No dia marcado, a secretária me fez entrar só para me dizer que a escritora não estava disposta, pois acabava de perder um amigo. Embora decepcionada, eu entendi. Um mês depois, a entrevista foi remarcada e ela me recebeu no seu apartamento da rue de l’Université em Paris. A sala era grande e despojada, apesar dos muitos quadros nas paredes e de um luxuoso piano preto de cauda. O vazio, a pintura e a música, além dos dois olhos baços de Sagan.
A razão da entrevista era o último livro dela, E com toda a minha simpatia em que, além de retratar algumas grandes personalidades — Ava Gardner, Catherine Deneuve, Fellini e Gorbatchev —, ela fazia a apologia do riso, afirmando que no gosto do riso existe generosidade e inocência.
Perguntei o que significou ter publicado Bonjour tristesse aos 18 anos e ter se tornado célebre, o que a glória havia trazido a ela de positivo e o que havia lhe custado. “De positivo, o fato de que me livrou do desejo do sucesso. Todo mundo quer ter sucesso quando faz alguma coisa. Eu tive, e muito, de modo que não sonhei mais com ele. De negativo, só o fato de que me privou da possibilidade de estar incógnita nos lugares.”
Quis saber com o que ela então passou a sonhar e a resposta me encantou: “Eu sonhava com a literatura e continuei a sonhar com ela, com a possibilidade de escrever um livro sublime. Como Stendhal, Proust, Dostoiévski, Hemingway, Fitzgerald”.
Respirei fundo a literatura com que ela sonhava e voltei a Bonjour tristesse, que eu havia relido um pouco antes com a alegria de redescobrir um livro que ousou colocar em cena o desejo incestuoso de uma mulher e, nesse sentido, foi precursor.
Françoise escreveu-o nos cafés do Quartier Latin e na Sorbonne durante suas aulas. De sorbonícola ela, aliás, não tinha nada. Ser livre era sua vocação profunda. Quando perguntei o que era liberdade, a resposta foi: “Querer o que a gente pode, como dizia Sartre”. Acrescentou que era inútil procurar a liberdade. Que ela simplesmente acontece. “Um dia, a gente encontra alguém e se sente livre.”

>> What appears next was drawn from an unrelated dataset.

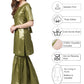 Ahalyaa Shimmer Green Cotton Kurta Gharara With Peach Dupatta | Swadesiicart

No fim da entrevista, ela me falou do riso, considerando que “rir, apesar disso ou daquilo, é uma coisa boa e é preciso ter coragem para tanto”.
Françoise Sagan, que só queria entrar para a Academia Francesa para não ter mais problemas com a polícia — por causa do consumo de morfina depois do álcool —, deixou de estar entre os vivos aos 69 anos e entrou para a constelação dos que são grandes porque estão comprometidos com a amizade, com o riso e com a arte.